** DATA FOR PROCESSING **

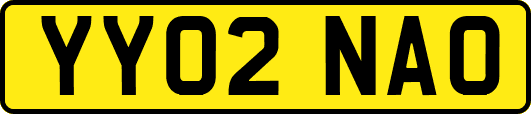 YY02NAO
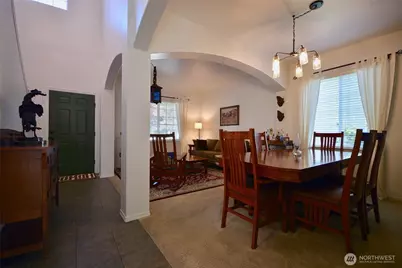 15739 Yelm Terra Way SE, Yelm, WA 98597 - Photo 9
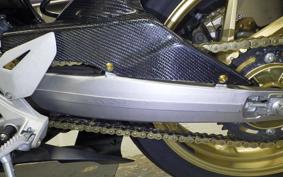 HONDA CBR250RR A 2007 MC51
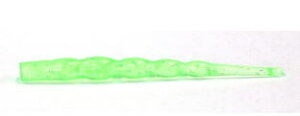 �yTHIRTY FOUR�zPUFFNAKE�@2.2in�p�t�l�[�N�S���F2.2in.�J���[�F������񂲁y4589579020566�z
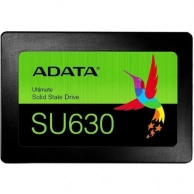   SSD A-Data, Ultimate SU630 480GB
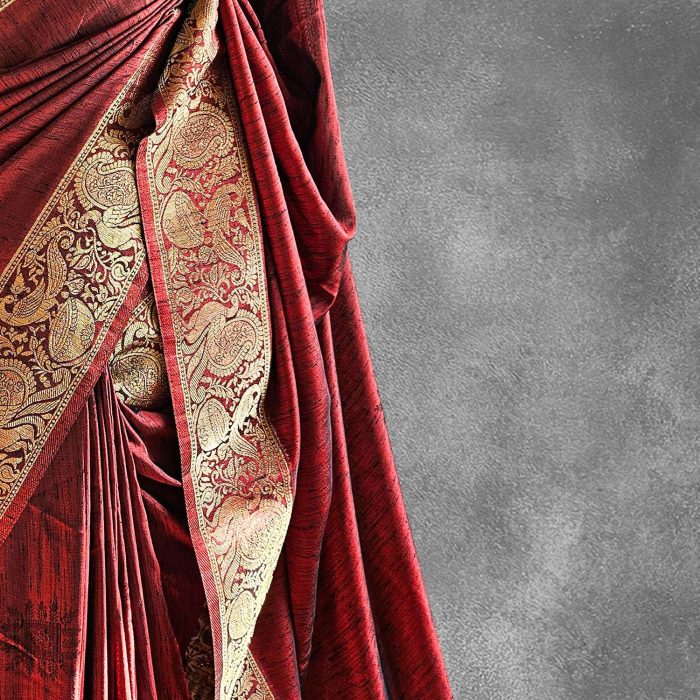 1500X1500-P15-Maroon-red_4 1500X1500-P15-Maroon-red_4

** TASK REQUIREMENTS **
Could you give back the full listing word for word, leaving out the images?

** EXERCISE SOLUTION **
 YY02NAO
 15739 Yelm Terra Way SE, Yelm, WA 98597 - Photo 9
 HONDA CBR250RR A 2007 MC51
 �yTHIRTY FOUR�zPUFFNAKE�@2.2in�p�t�l�[�N�S���F2.2in.�J���[�F������񂲁y4589579020566�z
   SSD A-Data, Ultimate SU630 480GB
 1500X1500-P15-Maroon-red_4 1500X1500-P15-Maroon-red_4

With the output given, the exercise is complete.